According to research, 97% of people have self-limiting beliefs that derail their careers and performance potential. Great coaches help employees overcome these to achieve incredible results. Poor managers make these fatal mistakes that repeat the self-limits that often lead to despair for the employees and defeat for the managers.
11 Fatal Coaching Mistakes
- Dishonesty: If you lack integrity and ethics, you lose trust. Then you lose your team.
- Yell, scream, and swear: Have you ever witnessed this before? Ever notice what the employees seem to be thinking? What they do later? Now the performance isn't the issue--the manager is, for being a jerk. Payback will come to the manager one way or another. Not all managers believe this because their ego gets in the way. As one executive told me, "It's my company, I will do what I want!"
- Attack, attack, attack: Nobody deserves constant abuse or criticism. This, like the above, is inappropriate and shuts down employees. If you have been on the end of this you know what I mean. In addition, harassment, discrimination, bullying, sexual abuse or racial prejudice are illegal. As we are seeing in the media lately when this is exposed the penalties can be harsh. There is no excuse.

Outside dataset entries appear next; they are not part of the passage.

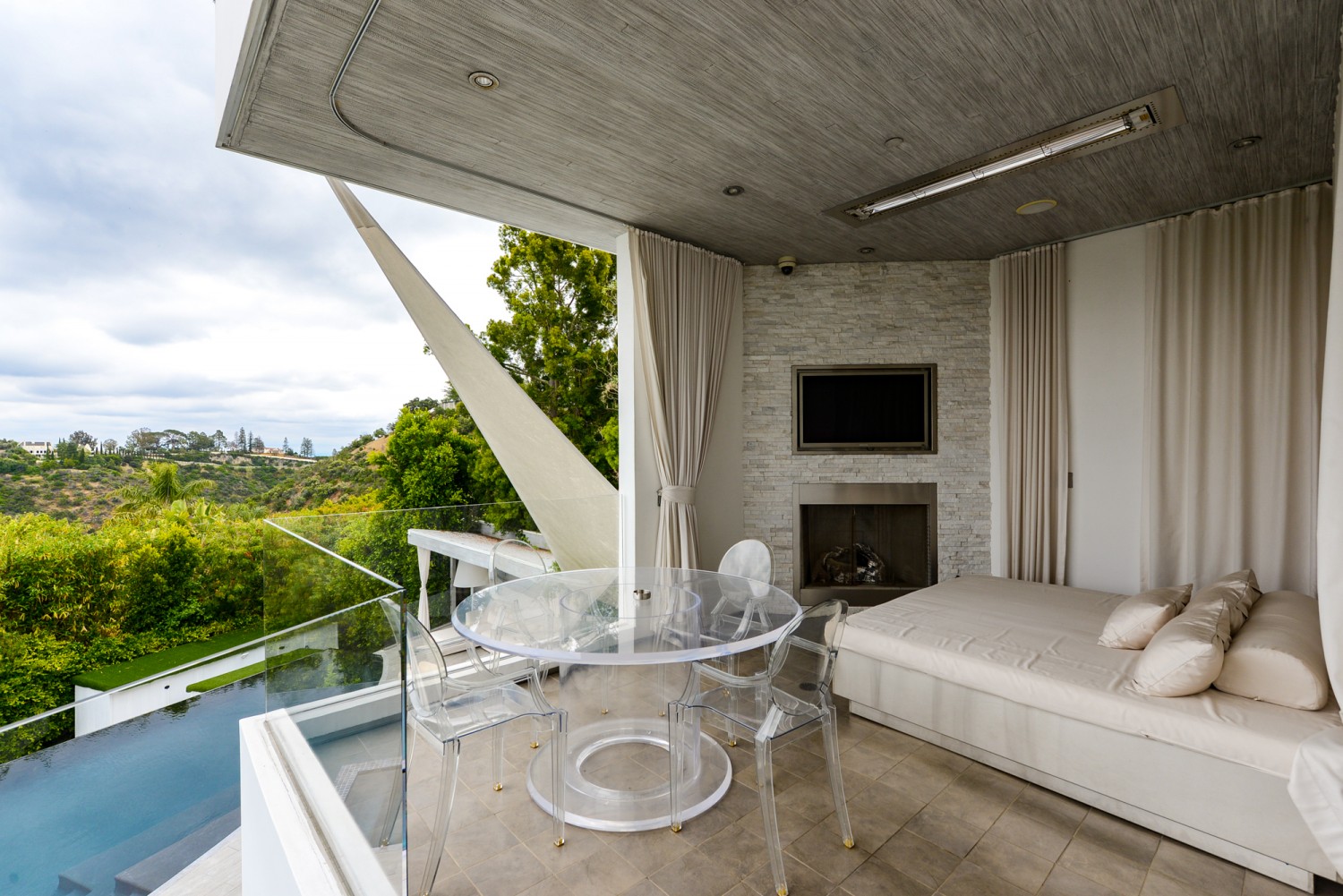 Resort-style outdoor cabana featuring a fireplace, lounge seating, and panoramic canyon views at a modern Bel Air estate.
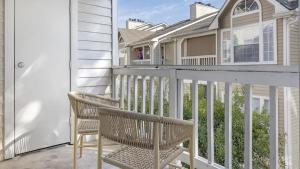 a balcony with two chairs and a house at Landing Modern Apartment with Amazing Amenities (ID3802X2) in Atlanta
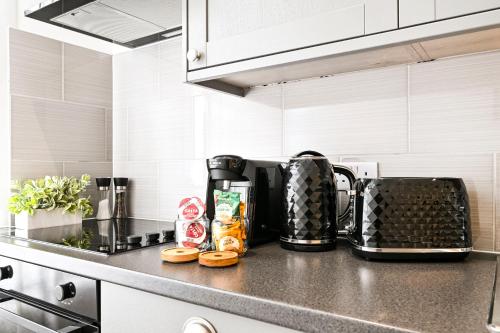 a kitchen counter top with a coffee maker on it at Ealing Broadway Apartment - 2-Min To Tube & Shops - WIFI - Netflix in Ealing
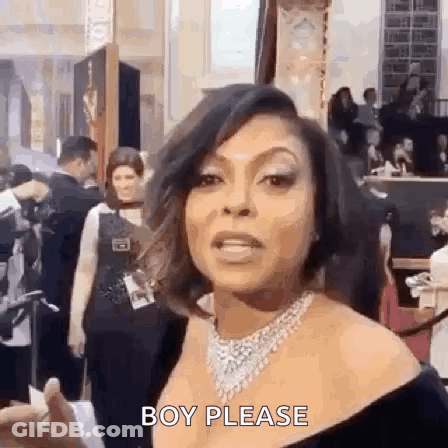 A Woman Wearing A Necklace And A Black Dress Is Standing In Front Of A Crowd . GIF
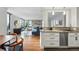 Open concept living area with a modern kitchen and comfortable living space at 1111 Race St # 6B, Denver, CO 80206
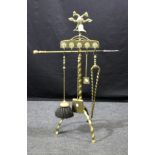 An early 20th century cast brass companion stand, with twin head spread eagle finial over five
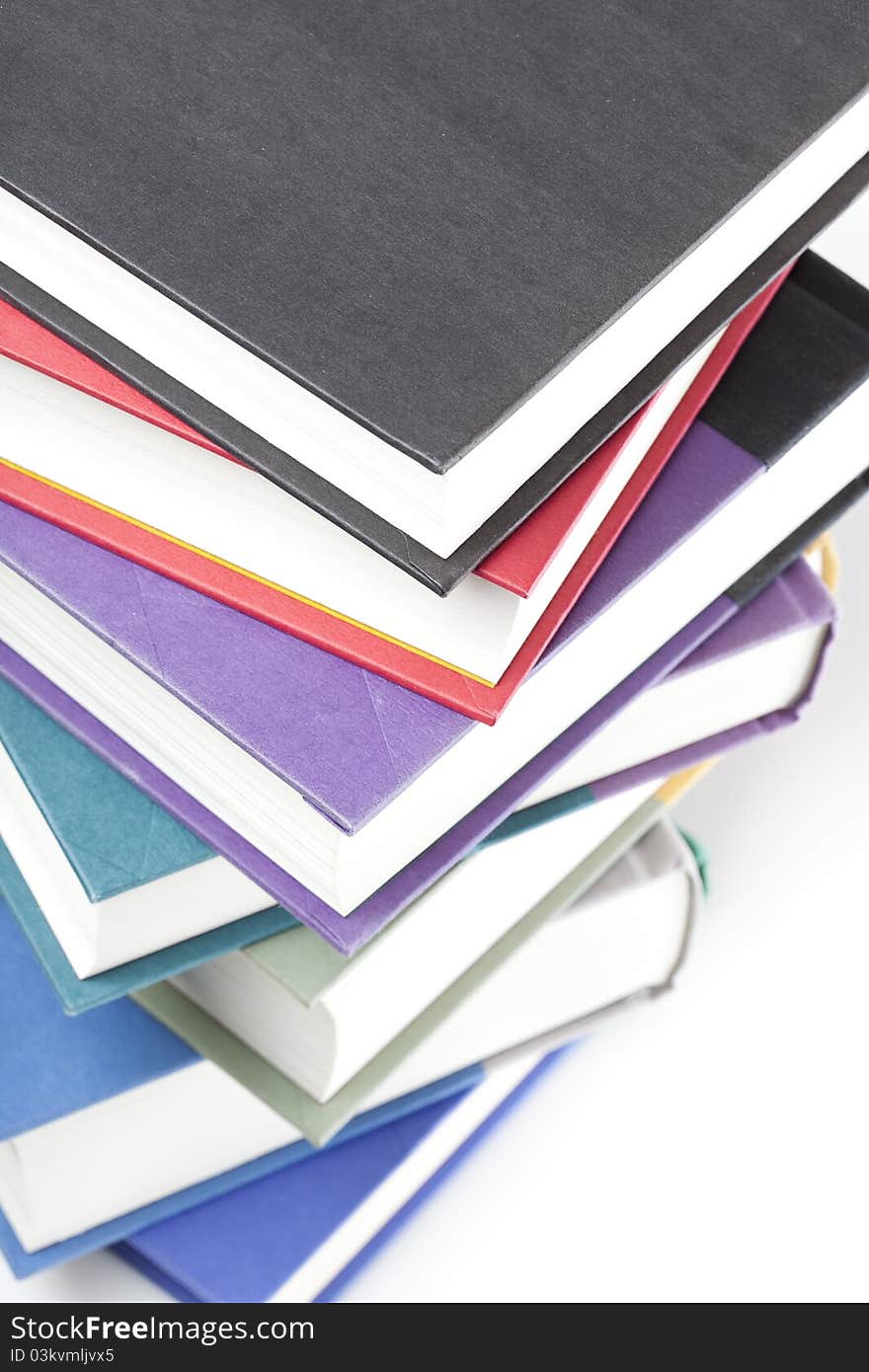 A group of books against a white background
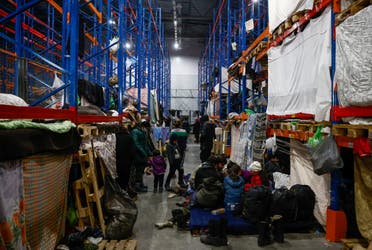 Migrants gather at the transport and logistics centre Bruzgi on the Belarusian-Polish border, in the Grodno region, Belarus December 22, 2021. (Reuters)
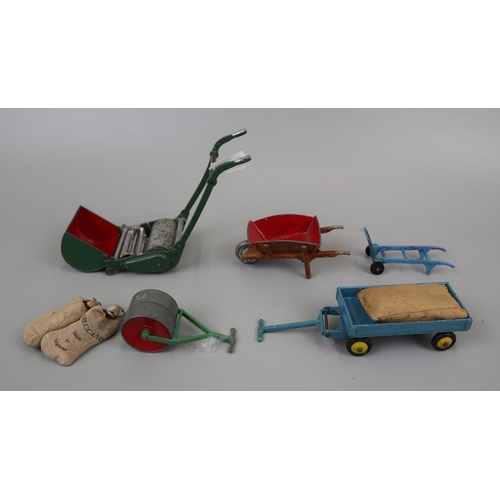 78 - Small collection of vintage Dinky toys to include mower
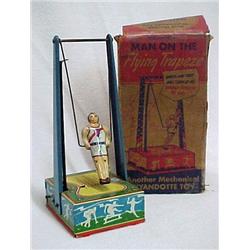 Mechanical Man on the Flying Trapeze; tin wind-up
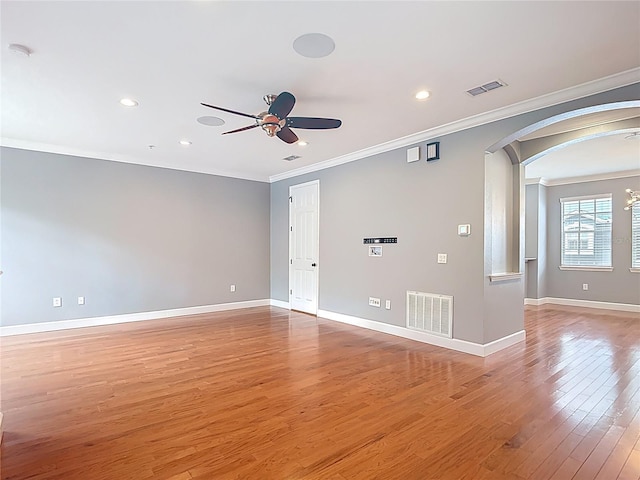 3111 W De Leon St Unit 2, Tampa, FL 33609 - unfurnished room with a ceiling fan, crown molding, arched walkways, recessed lighting, and light wood-style floors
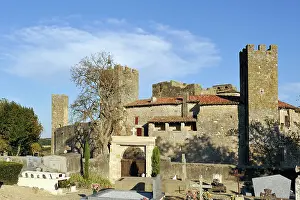 Cemetery Prints: Explore the fortified village of Larresingle with its ancient walls and towers in Gers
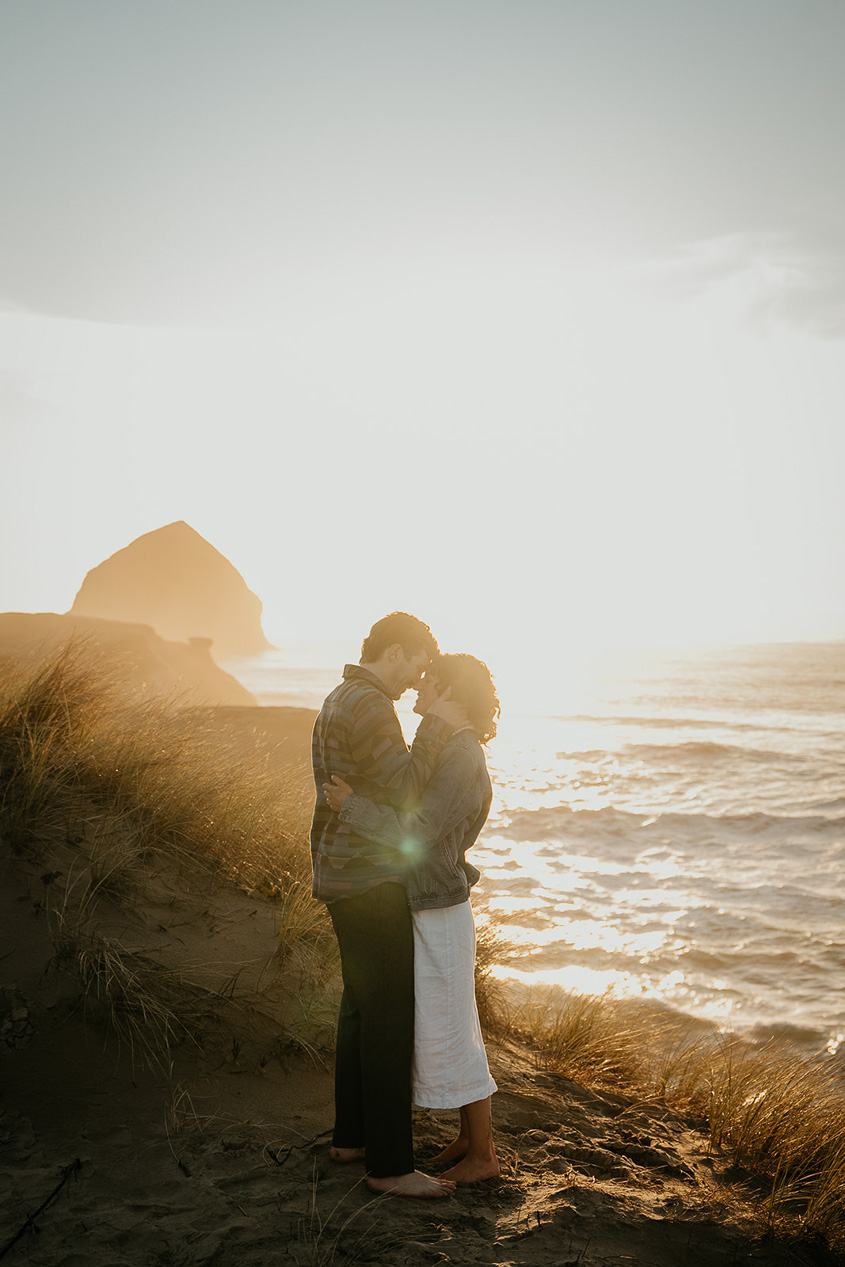 A couple hugging each other as the sun sets during their Cape Kiwanda Engagement.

- Not knowing the person: Trust is paramount. Great coaches take the time to build rapport and understand each employee. What are the employee's strengths? Weaknesses? Career goals? Beliefs? Background? Motivations? Without this, breakthrough is almost impossible. Remember this quote by Bill Gates: “Everyone needs a coach. It doesn’t matter whether you’re a basketball player, a tennis player, a gymnast or a bridge player.” Too many managers just look at the business numbers and act as judge and jury. Then they say, "Next!"
- Talk too much, listen too little: Coaching works as a dialogue and problem-solving effort. Listening and questioning are the bedrock skills of great coaches. It's a communication process. Without listening, a manager communicates that he or she doesn't care. Anyone conveys this, who make one-on-one meetings a monologue.
- Come unprepared: What message does this send to employees? They aren't important? Besides, it erodes standards for higher performance for the entire team. The manager loses credibility.
- Show up late for a session or keep rescheduling it or never coach: Like being unprepared, this tells the employee that your time is more important than theirs. After a while, it erodes respect. Never forget that a manager's success comes from their employees' success. This is one of the top excuses managers have for not coaching, "I don't have the time." Whoever says this doesn't have time to be a manager, let alone a leader.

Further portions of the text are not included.